[INFORMATION SUPPLIED Boundary: Start]

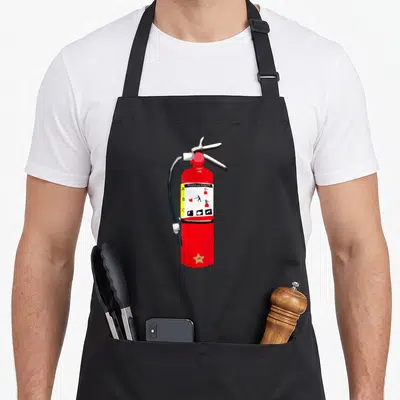 Tablier de cuisine noir avec un extincteur rouge imprimant des instructions humoristiques et une étoile dorée.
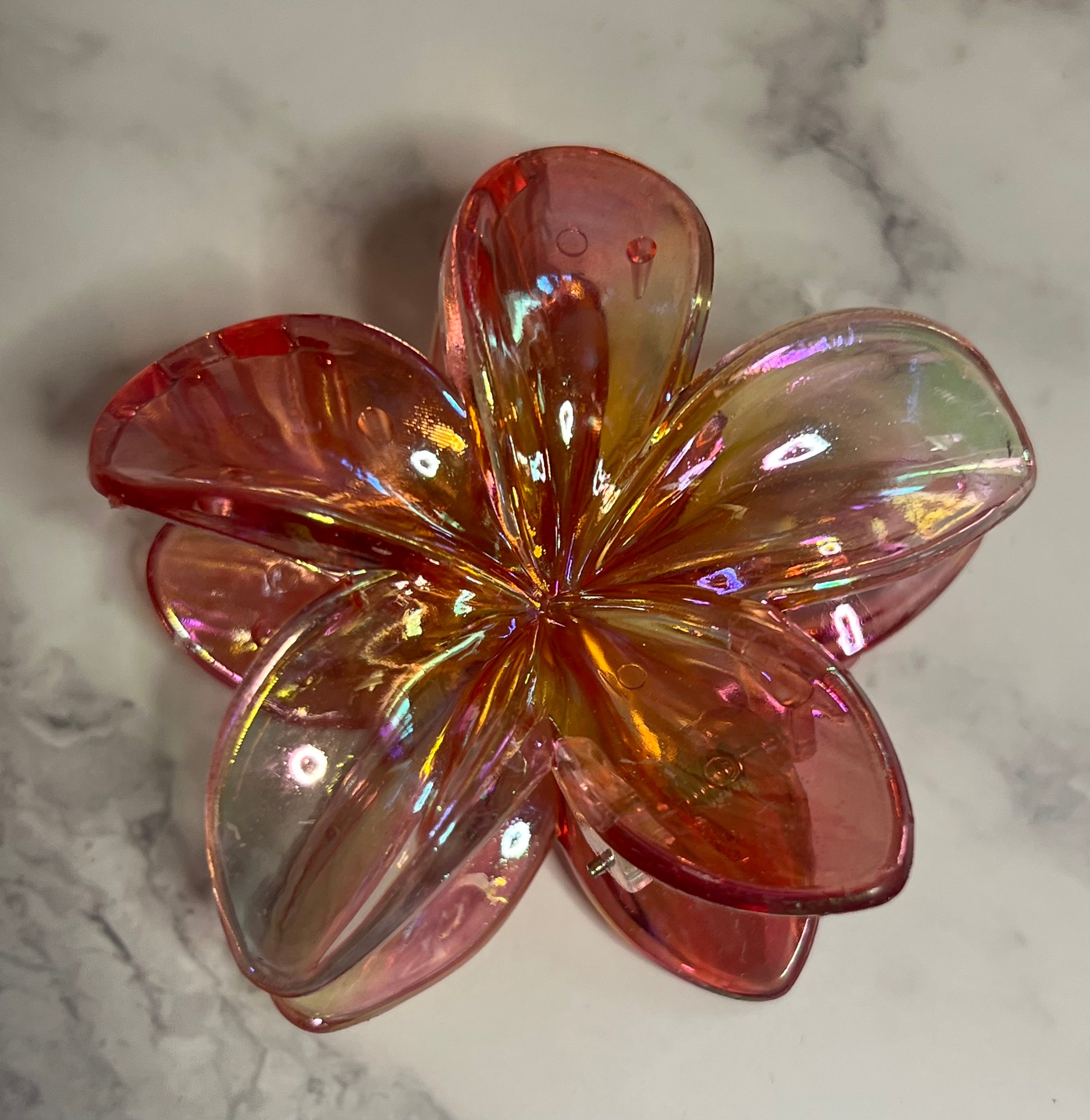 Hair Claw / Clip - Large Iridescent Flower - Various Colors To Choose From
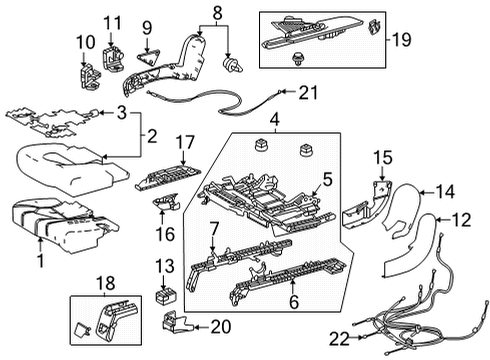 2021 Toyota Highlander Second Row Seats, Body Diagram 4 - Thumbnail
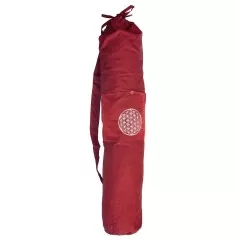 Yogatasche "Blume des Lebens" Baumwolle maroon 20x80cm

[INFORMATION SUPPLIED Boundary: End]

[WHAT IS EXPECTED]
The response should reproduce all the material above exactly and leave out its pictures.

[TASK SOLUTION]
 Tablier de cuisine noir avec un extincteur rouge imprimant des instructions humoristiques et une étoile dorée.
 Hair Claw / Clip - Large Iridescent Flower - Various Colors To Choose From
 2021 Toyota Highlander Second Row Seats, Body Diagram 4 - Thumbnail
 Yogatasche "Blume des Lebens" Baumwolle maroon 20x80cm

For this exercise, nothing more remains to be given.